The problem:
Copy out each line from the start of the material below until the line with "Leuchtende Farben: Mit", that line included.

(Beginning of Given data)

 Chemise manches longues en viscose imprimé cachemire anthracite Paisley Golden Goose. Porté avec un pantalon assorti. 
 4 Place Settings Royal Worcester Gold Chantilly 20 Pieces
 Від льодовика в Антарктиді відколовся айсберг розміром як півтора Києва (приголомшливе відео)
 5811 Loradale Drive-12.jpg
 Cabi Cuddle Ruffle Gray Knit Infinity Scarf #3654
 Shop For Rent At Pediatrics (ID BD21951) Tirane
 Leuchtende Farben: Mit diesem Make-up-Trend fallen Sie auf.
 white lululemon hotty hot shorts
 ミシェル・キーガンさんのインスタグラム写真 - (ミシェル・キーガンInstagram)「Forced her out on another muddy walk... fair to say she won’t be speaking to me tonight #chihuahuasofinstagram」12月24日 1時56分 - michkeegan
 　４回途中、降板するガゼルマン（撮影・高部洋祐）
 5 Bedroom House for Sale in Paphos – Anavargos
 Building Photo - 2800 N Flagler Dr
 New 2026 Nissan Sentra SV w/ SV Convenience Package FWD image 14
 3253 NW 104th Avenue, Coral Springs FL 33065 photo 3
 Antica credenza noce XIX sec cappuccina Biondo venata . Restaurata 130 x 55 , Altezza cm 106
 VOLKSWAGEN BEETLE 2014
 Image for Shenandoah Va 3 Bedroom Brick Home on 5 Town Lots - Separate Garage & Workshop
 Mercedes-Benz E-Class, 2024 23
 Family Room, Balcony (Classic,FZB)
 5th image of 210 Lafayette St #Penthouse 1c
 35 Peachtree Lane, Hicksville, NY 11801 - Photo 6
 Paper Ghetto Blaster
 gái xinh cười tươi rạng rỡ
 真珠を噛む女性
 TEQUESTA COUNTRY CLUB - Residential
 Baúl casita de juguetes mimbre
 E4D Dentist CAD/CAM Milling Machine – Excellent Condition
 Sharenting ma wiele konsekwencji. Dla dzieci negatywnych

(End of Given data)

Response box:
 Chemise manches longues en viscose imprimé cachemire anthracite Paisley Golden Goose. Porté avec un pantalon assorti. 
 4 Place Settings Royal Worcester Gold Chantilly 20 Pieces
 Від льодовика в Антарктиді відколовся айсберг розміром як півтора Києва (приголомшливе відео)
 5811 Loradale Drive-12.jpg
 Cabi Cuddle Ruffle Gray Knit Infinity Scarf #3654
 Shop For Rent At Pediatrics (ID BD21951) Tirane
 Leuchtende Farben: Mit diesem Make-up-Trend fallen Sie auf.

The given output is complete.